Once the pictures are set aside, transcribe each line of the data exactly.

Material provided:
********

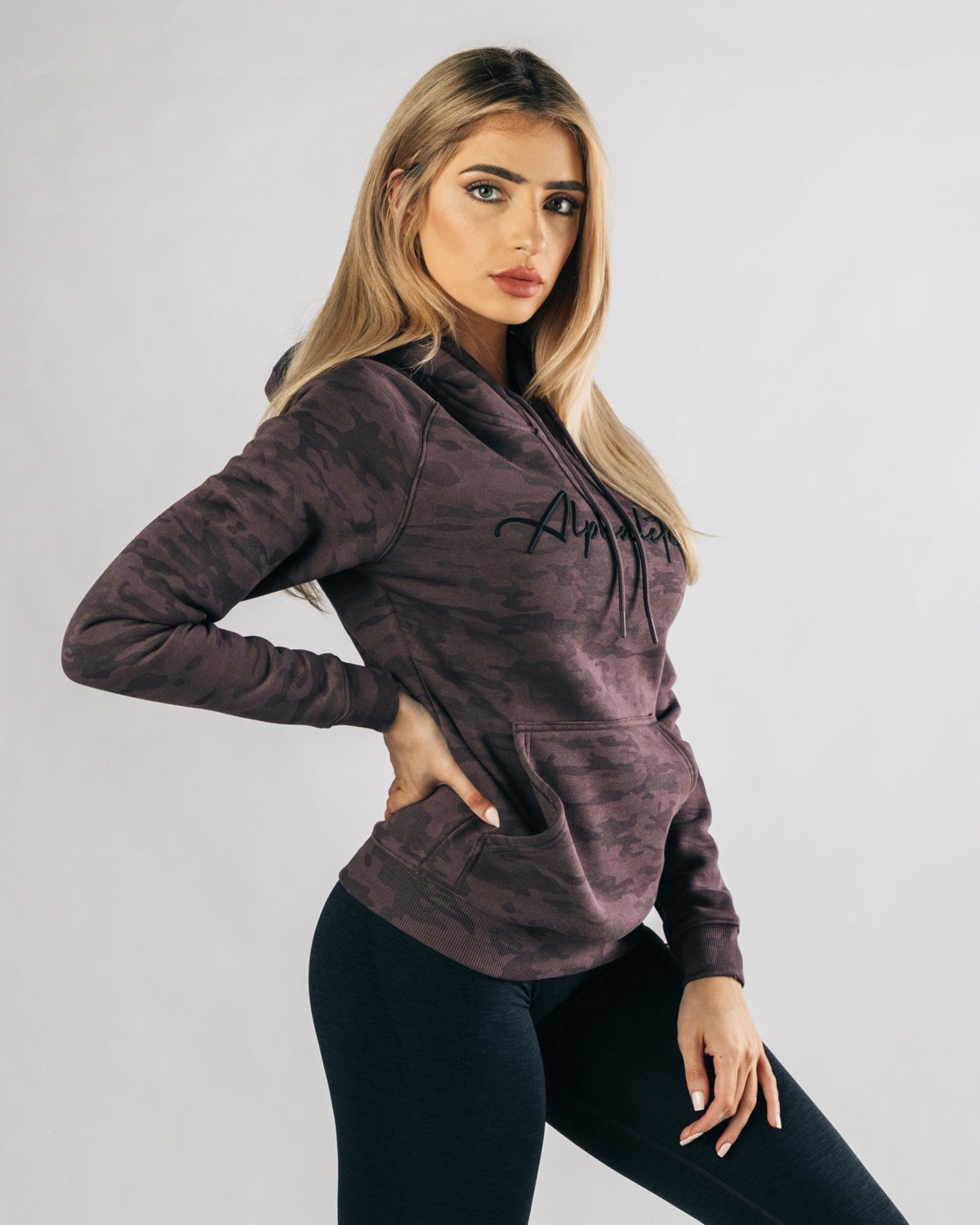 Alphalete Fitted Performance Hoodie Striker Femme | COU-47486344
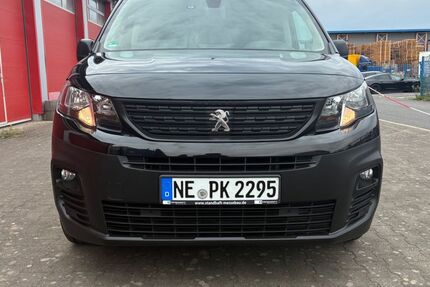Peugeot Partner 116.213 km 11.300 &euro; Düsseldorf 40223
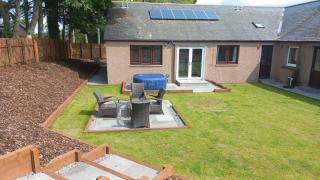 Clova Cottage 7BR Retreat - Kirriemuir - 4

********

Solution:
 Alphalete Fitted Performance Hoodie Striker Femme | COU-47486344
Peugeot Partner 116.213 km 11.300 &euro; Düsseldorf 40223
 Clova Cottage 7BR Retreat - Kirriemuir - 4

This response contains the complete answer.